- EUR/USD sticks to modest gains near a two-week high through the Asian session on Tuesday.
- The overnight hawkish commentary by ECB officials underpins the Euro and acts as a tailwind.
- A positive risk tone weighs on the safe-haven USD and lends additional support to the major.
- The upside seems limited as investors look forward to Fed Chair Jerome Powell’s testimony.
The EUR/USD pair holds steady near a two-week high, just below the 1.0700 mark through the Asian session on Tuesday and is supported by a combination of factors. The shared currency is underpinned by more hawkish comments by several European Central Bank (ECB) members, backing the case for additional jumbo rate hikes in the coming months. In fact, ECB President Christine Lagarde reiterated on Monday that the central bank is set to raise borrowing costs by another 50 bps at its upcoming meeting on March 16. Separately, Austrian Central Bank Governor Robert Holzmann said that the ECB should raise rates by 50 bps at each of its next four meetings in March, May, June and July. This, in turn, pushes the yield on the rate-sensitive two-year German bond to its highest level since October 2008 and continues to benefit the common currency. Apart from this, a generally positive tone around the equity markets is seen weighing on the safe-haven US Dollar and lending additional support to the major.
The USD downtick, however, seems limited amid elevated US Treasury bond yields, bolstered by expectations for further policy tightening by the Federal Reserve (Fed). The incoming US macro data indicated that inflation isn't coming down quite as fast as hoped and pointed to an economy that remains resilient despite rising borrowing costs. This should allow the US central bank to stick to its hawkish stance and continue raising interest rates for longer. Furthermore, a slew of FOMC policymakers recently backed the case for higher rate hikes and opened the door for a 50 bps lift-off at the March policy meeting. Hence, the market focus will remain glued to Fed Chair Jerome Powell's semi-annual congressional testimony on Tuesday and Wednesday. Investors will look for clues about the Fed's future rate-hike path, which will play a key role in influencing the near-term USD price dynamics. In the meantime, looming recession risks should act as a tailwind for the buck and cap the upside for the EUR/USD pair.
Investors this week will also confront the release of the closely-watched US monthly employment details, popularly known as NFP on Friday. This should further contribute to providing some meaningful impetus to the EUR/USD pair and help determine the next leg of a directional move. Hence, it will be prudent to wait for strong follow-through buying before confirming that the pair has formed a bottom near the 1.0535-1.0530 region and that the recent pullback from a multi-month peak touched in February has run its course.
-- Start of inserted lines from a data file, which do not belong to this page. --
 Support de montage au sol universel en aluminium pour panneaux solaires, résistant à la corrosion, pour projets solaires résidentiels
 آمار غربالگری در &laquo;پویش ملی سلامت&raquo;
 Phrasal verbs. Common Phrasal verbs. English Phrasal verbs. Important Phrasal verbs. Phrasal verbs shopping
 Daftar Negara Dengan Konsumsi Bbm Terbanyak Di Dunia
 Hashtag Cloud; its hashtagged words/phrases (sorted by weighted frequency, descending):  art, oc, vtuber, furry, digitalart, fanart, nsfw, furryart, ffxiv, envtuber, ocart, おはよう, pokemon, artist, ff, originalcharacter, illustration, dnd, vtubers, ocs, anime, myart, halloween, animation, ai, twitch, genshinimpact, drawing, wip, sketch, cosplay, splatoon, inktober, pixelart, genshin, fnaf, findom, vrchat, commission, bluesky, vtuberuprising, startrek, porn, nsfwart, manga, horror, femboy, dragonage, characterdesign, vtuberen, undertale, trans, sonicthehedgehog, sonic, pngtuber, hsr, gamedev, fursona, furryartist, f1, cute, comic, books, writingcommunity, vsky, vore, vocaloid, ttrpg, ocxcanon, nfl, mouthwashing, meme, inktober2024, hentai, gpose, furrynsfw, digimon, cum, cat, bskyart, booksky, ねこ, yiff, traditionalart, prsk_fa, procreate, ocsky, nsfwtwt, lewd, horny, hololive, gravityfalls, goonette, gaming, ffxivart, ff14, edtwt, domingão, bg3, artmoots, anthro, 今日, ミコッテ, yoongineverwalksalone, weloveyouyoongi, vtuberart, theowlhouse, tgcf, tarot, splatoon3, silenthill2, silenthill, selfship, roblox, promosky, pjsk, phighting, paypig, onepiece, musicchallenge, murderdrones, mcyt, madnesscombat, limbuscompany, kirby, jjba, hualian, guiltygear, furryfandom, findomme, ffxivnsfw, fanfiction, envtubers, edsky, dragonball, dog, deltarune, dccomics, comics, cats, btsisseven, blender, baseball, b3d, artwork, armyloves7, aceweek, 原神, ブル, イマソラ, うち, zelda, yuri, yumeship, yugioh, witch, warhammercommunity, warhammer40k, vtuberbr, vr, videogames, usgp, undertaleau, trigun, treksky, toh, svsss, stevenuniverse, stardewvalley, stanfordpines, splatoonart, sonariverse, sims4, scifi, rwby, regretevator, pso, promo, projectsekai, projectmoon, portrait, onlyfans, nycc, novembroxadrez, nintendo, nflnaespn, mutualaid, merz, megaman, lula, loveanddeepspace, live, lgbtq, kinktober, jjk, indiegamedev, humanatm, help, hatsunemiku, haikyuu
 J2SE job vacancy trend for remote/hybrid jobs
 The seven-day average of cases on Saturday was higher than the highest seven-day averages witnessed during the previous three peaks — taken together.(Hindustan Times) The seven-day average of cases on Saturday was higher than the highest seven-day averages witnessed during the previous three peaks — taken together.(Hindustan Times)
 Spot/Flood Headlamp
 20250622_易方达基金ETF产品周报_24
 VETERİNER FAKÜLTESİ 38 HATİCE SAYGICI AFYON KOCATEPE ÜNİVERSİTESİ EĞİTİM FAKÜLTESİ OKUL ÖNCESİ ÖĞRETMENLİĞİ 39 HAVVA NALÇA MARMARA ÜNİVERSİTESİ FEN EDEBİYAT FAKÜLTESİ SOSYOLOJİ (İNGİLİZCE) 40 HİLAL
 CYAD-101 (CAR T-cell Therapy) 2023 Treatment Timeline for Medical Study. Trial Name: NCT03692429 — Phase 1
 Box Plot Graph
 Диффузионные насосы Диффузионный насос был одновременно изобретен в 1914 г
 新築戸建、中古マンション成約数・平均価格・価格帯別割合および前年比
From a technical perspective, the overnight sustained strength and acceptance above the 1.0645-1.0650 confluence hurdle favour bullish traders. Moreover, oscillators on the daily chart have just started moving in the positive territory and support prospects for additional gains. Any further move up, however, might confront some resistance near the 38.2% Fibo. level, around the 1.0725 zone. The next relevant barrier is pegged near the 1.0760 horizontal zone ahead of the 50% Fibo. level, around the 1.0785 region and the 1.0800 round-figure mark. Some follow-through buying will negate any near-term negative bias and lift the EUR/USD pair towards the 1.0840 area, or the 61.8% Fibo. level. The upward trajectory could get extended towards the 1.0900 mark en route to the 1.0920-1.0930 supply zone.
On the flip side, the aforementioned confluence resistance breakpoint, comprising the 100-period Simple Moving Average (SMA) on the 4-hour chart and the 23.6% Fibonacci retracement level of the 1.1033-1.0533 downside, should now act as immediate support. Any further decline might find some support near the 1.0600 round-figure mark ahead of the 1.0575-1.0570 horizontal zone. This is followed by the 1.0535-1.0530 region, or the lowest level since January. A convincing break below could make the EUR/USD pair vulnerable to weaken further below the 1.0500 psychological mark, which now coincides with the 100-day SMA. Some follow-through selling below the YTD low, around the 1.0480 region, will be seen as a fresh trigger for bearish traders and pave the way for a further near-term depreciating move.